[Start of Attachment]

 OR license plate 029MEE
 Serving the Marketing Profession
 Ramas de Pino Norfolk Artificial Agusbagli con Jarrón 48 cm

[End of Attachment]
[Start of Attachment]

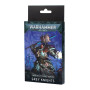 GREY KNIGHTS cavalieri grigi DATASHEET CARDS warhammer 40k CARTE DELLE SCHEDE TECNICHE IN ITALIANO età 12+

[End of Attachment]
[Start of Attachment]

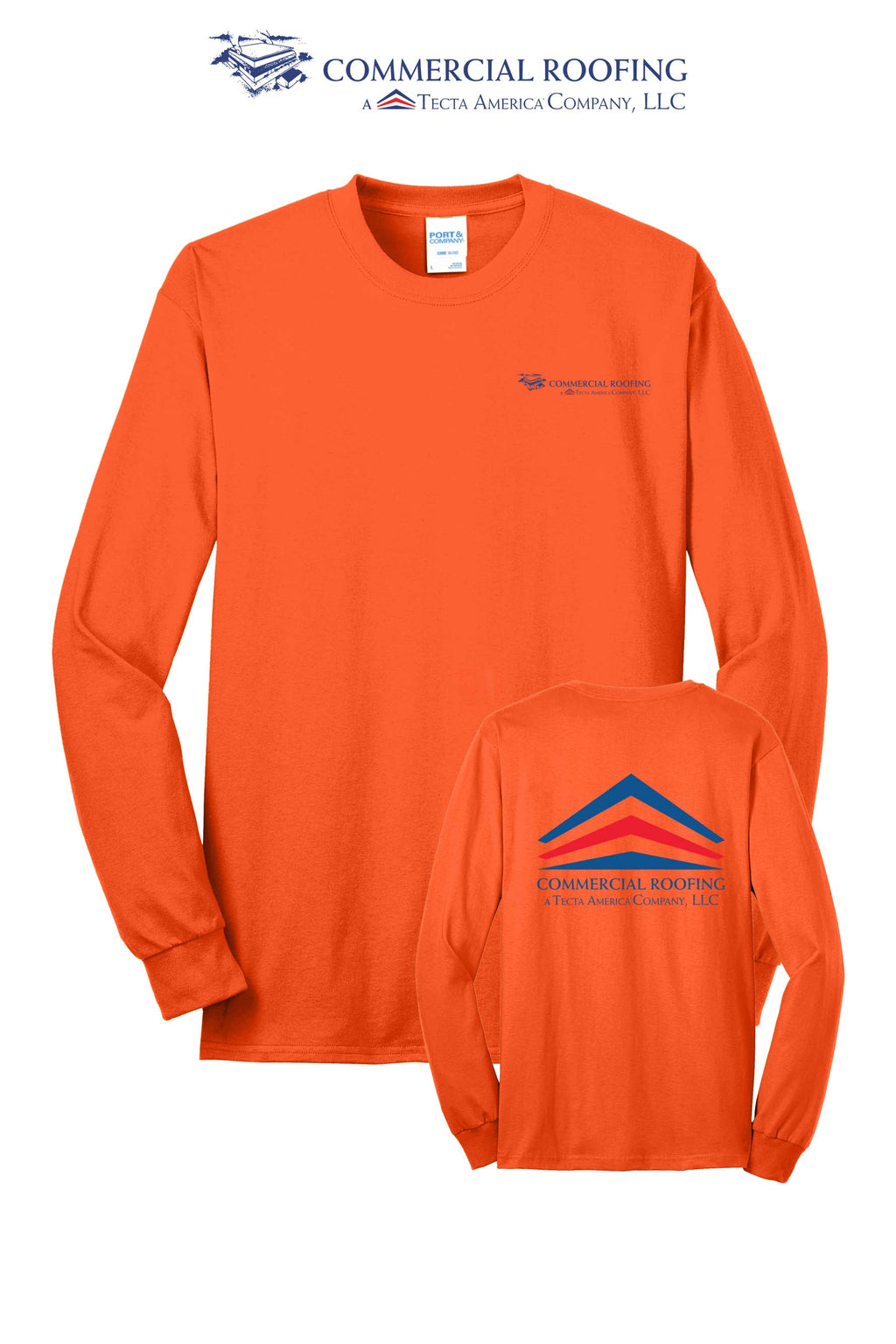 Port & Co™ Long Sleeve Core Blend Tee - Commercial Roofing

[End of Attachment]

— Requirement —
In the material above, find the line containing "Serving the Marketing Profession" and the line containing "Ramas de Pino", then write out exactly those two lines and every line between them, and nothing more.

— Written response —
 Serving the Marketing Profession
 Ramas de Pino Norfolk Artificial Agusbagli con Jarrón 48 cm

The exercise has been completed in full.